--- Problem description ---
What are the lines below, starting at the line containing "امير دندن العروض المباشرة ارب ايدل 2017" and ending at the line containing "Cannabis Seeds Blueberry"? Write them out exactly, ends included, without pictures.

[[ Data for processing open ]]

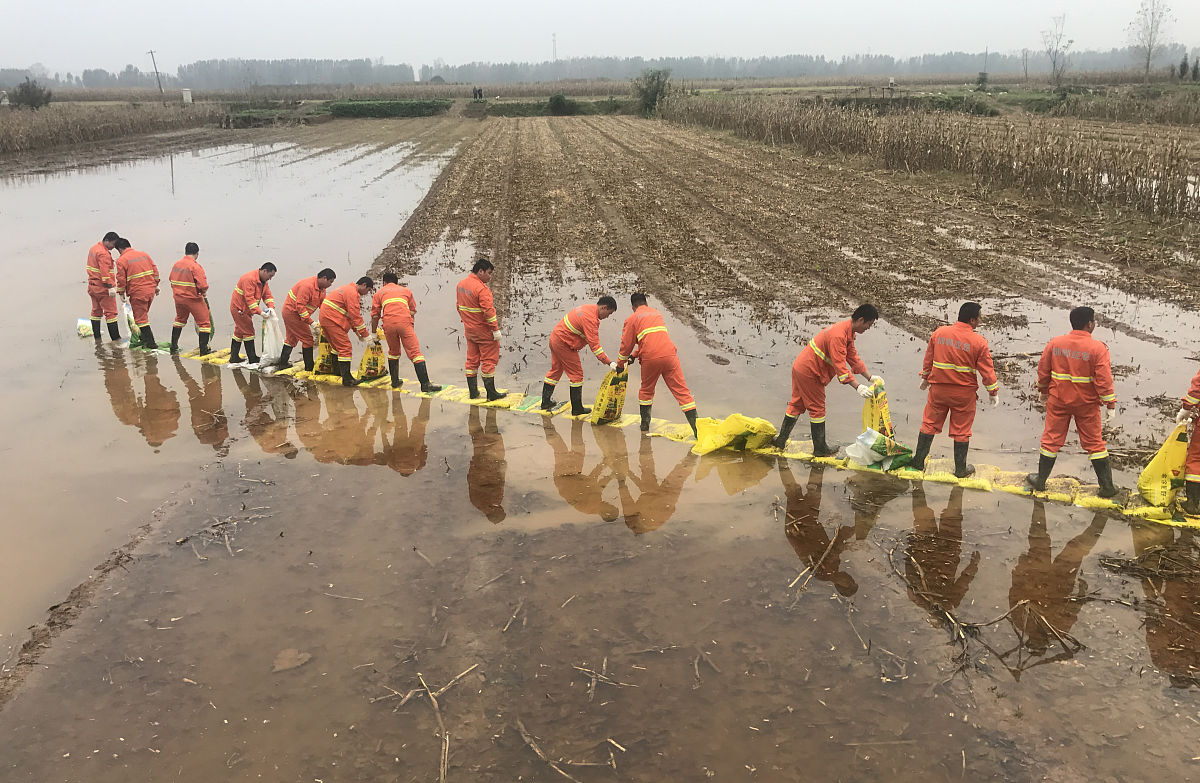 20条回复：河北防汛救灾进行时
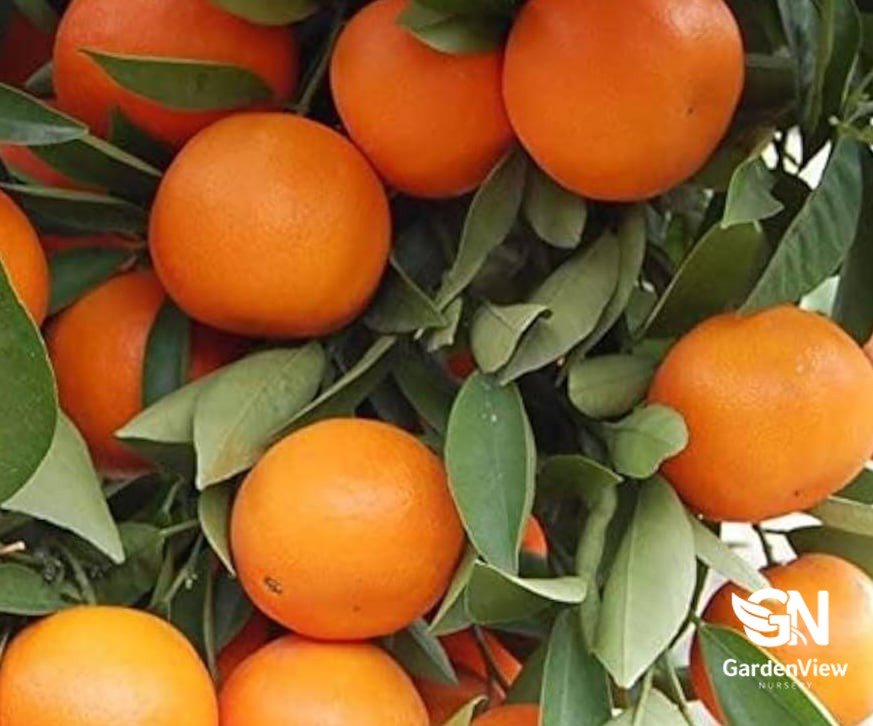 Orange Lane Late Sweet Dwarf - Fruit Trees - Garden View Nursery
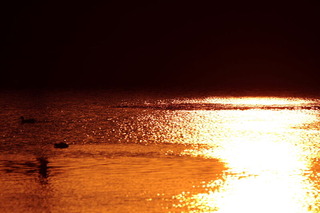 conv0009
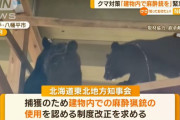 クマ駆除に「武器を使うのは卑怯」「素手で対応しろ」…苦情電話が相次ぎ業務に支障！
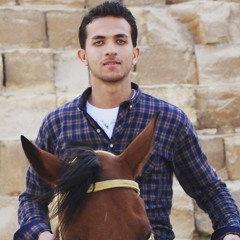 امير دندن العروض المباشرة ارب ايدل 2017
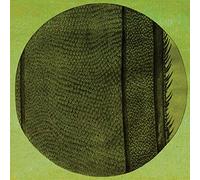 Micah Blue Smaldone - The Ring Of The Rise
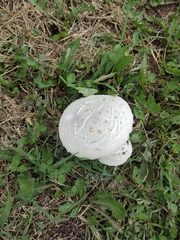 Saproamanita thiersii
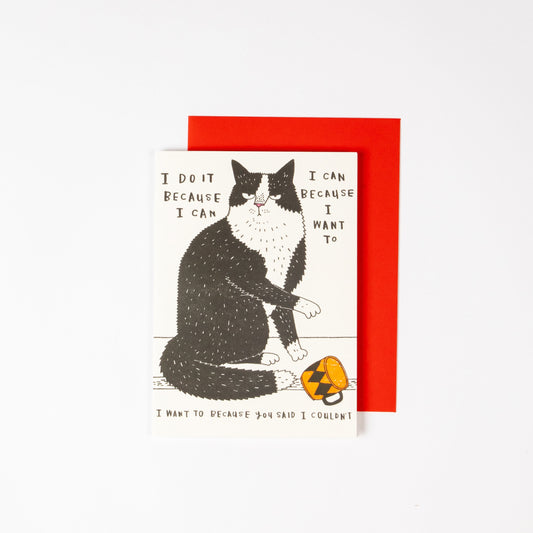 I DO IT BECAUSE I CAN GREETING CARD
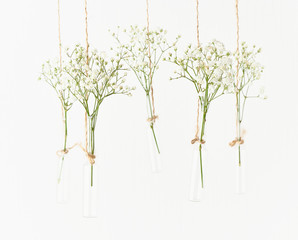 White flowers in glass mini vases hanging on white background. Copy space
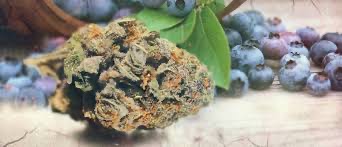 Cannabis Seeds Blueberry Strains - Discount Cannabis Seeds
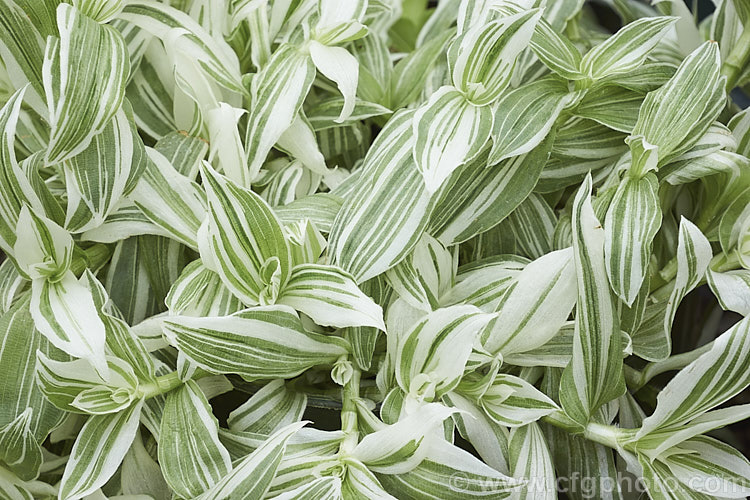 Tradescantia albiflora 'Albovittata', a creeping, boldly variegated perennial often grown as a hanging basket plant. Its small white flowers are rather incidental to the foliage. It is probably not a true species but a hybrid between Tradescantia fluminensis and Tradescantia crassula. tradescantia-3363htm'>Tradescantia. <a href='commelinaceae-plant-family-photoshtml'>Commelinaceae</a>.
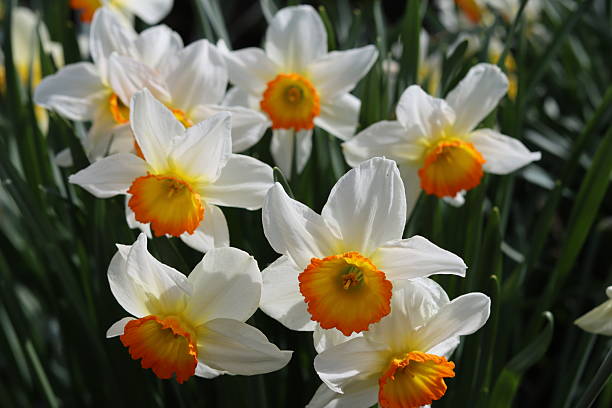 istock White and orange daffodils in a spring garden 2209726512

[[ Data for processing closed ]]

--- Solution to this task ---
 امير دندن العروض المباشرة ارب ايدل 2017
 Micah Blue Smaldone - The Ring Of The Rise
 Saproamanita thiersii
 I DO IT BECAUSE I CAN GREETING CARD
 White flowers in glass mini vases hanging on white background. Copy space
 Cannabis Seeds Blueberry Strains - Discount Cannabis Seeds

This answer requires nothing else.